La Liga holandesa tuvo el domingo un desenlace de esos frenéticos. Uno, que en caso de seguir así nuestro campeonato, se repetirá por estos lares. Y es que Twente y Ajax se jugaban, en la última jornada, el título de campeón. Separados por un punto a favor del primero, jugaron a la misma hora y aunque por primera vez en su historia el equipo dirigido por Steve McClaren se llevó la Eredivisie, durante algunos minutos, y de forma fugaz, ese título perteneció a los de Amsterdam.
Los 35 goles en 35 jornadas de Luis Suárez no sirvieron para que el Ajax alcanzase el título. Tampoco la friolera de 106 dianas a favor. El Twente, con poco más de la pitad (63), no dejó escapar un campeonato que desde el inicio siempre tuvo a favor. Primero luchando contra un PSV que se desinfló en el tramo final y después con un Ajax que nunca bajó la guardia. Pero lo cierto es que en la 34ª jornada no falló porque sabía que dependía de sí mismo y levantó, entre euforia y locura, la ensaladera de campeón.
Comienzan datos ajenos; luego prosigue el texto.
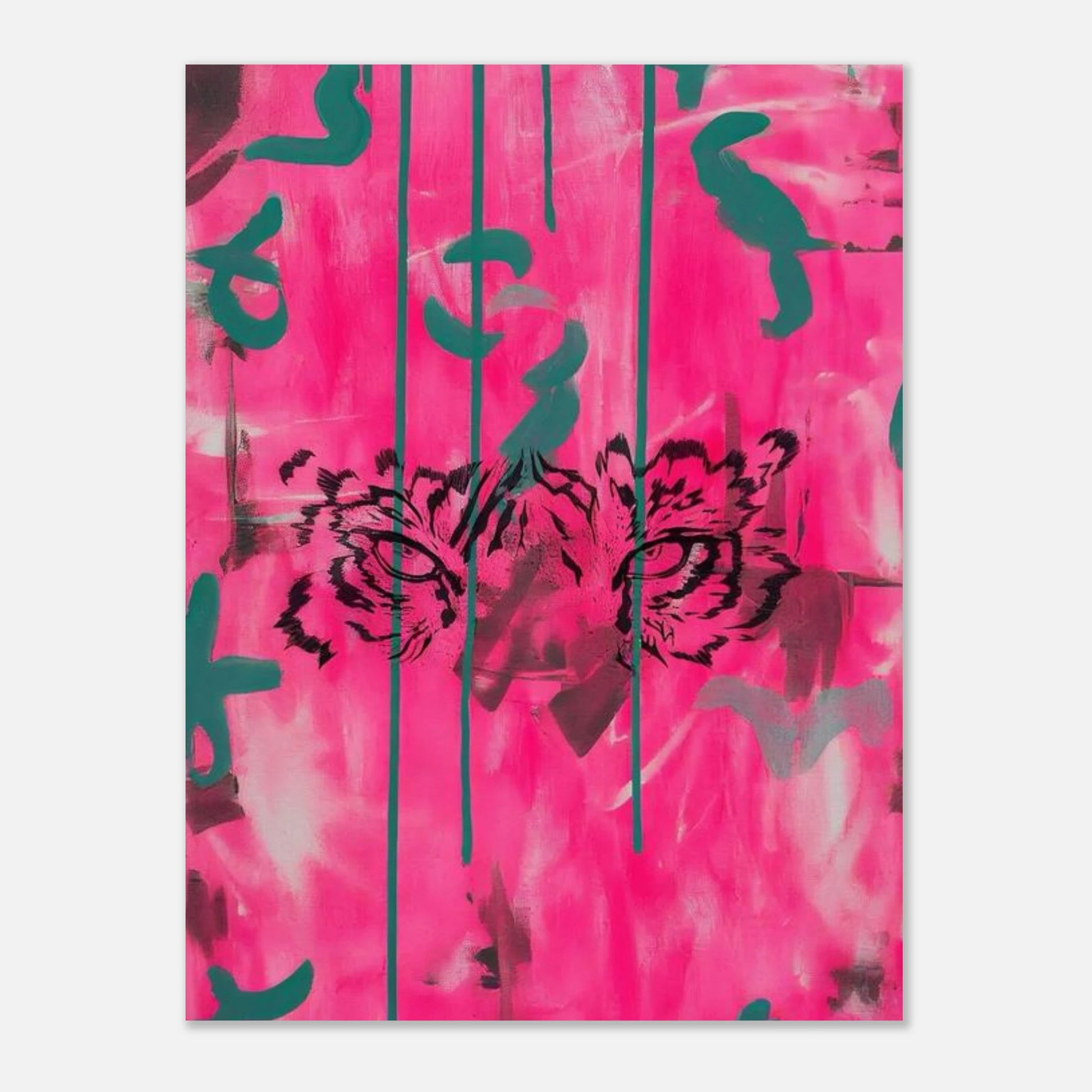 68e36644-a486-4630-99d4-594d9b41fa26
La tarde comenzó emocionante. Y es que el Ajax, que se enfrentaba al NEC Nimega, se avanzó en el marcador gracias al de siempre, Luis Suárez, que firmó dos (0-4). La presión, pues se colaba en el techo del Twente, que se enteraba del tanto del rival al mismo tiempo que uno de los futbolistas del NAC Breda, era expulsado, de manera que los de McClaren se ponían en ventaja numérica y poco después, también en el marcador gracias al tanto del costarricense Bryan Ruiz. El campeonato volvía a ser rojo y ya no dejaría de serlo porque Stoch sentenciaría (0-2).